*** Opening Given records ***
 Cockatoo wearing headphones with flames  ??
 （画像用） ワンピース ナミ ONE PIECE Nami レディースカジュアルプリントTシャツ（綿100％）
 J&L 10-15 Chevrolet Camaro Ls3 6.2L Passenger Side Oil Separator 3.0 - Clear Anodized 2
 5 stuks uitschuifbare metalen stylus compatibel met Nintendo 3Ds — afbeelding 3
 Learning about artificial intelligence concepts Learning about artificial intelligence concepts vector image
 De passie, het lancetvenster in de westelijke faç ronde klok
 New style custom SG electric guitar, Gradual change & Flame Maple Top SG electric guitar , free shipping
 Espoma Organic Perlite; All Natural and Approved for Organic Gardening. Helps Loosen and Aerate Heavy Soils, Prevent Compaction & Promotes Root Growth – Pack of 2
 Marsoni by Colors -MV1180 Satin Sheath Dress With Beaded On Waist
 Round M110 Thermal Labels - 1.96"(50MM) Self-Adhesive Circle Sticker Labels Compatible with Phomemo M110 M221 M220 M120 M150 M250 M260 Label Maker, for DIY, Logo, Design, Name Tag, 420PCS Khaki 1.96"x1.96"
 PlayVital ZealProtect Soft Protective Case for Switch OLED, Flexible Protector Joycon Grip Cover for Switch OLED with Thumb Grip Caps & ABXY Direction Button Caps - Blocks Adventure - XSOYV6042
*** Closing Given records ***
Give back the whole listing. Match it exactly.

### Response to the task
 Cockatoo wearing headphones with flames  ??
 （画像用） ワンピース ナミ ONE PIECE Nami レディースカジュアルプリントTシャツ（綿100％）
 J&L 10-15 Chevrolet Camaro Ls3 6.2L Passenger Side Oil Separator 3.0 - Clear Anodized 2
 5 stuks uitschuifbare metalen stylus compatibel met Nintendo 3Ds — afbeelding 3
 Learning about artificial intelligence concepts Learning about artificial intelligence concepts vector image
 De passie, het lancetvenster in de westelijke faç ronde klok
 New style custom SG electric guitar, Gradual change & Flame Maple Top SG electric guitar , free shipping
 Espoma Organic Perlite; All Natural and Approved for Organic Gardening. Helps Loosen and Aerate Heavy Soils, Prevent Compaction & Promotes Root Growth – Pack of 2
 Marsoni by Colors -MV1180 Satin Sheath Dress With Beaded On Waist
 Round M110 Thermal Labels - 1.96"(50MM) Self-Adhesive Circle Sticker Labels Compatible with Phomemo M110 M221 M220 M120 M150 M250 M260 Label Maker, for DIY, Logo, Design, Name Tag, 420PCS Khaki 1.96"x1.96"
 PlayVital ZealProtect Soft Protective Case for Switch OLED, Flexible Protector Joycon Grip Cover for Switch OLED with Thumb Grip Caps & ABXY Direction Button Caps - Blocks Adventure - XSOYV6042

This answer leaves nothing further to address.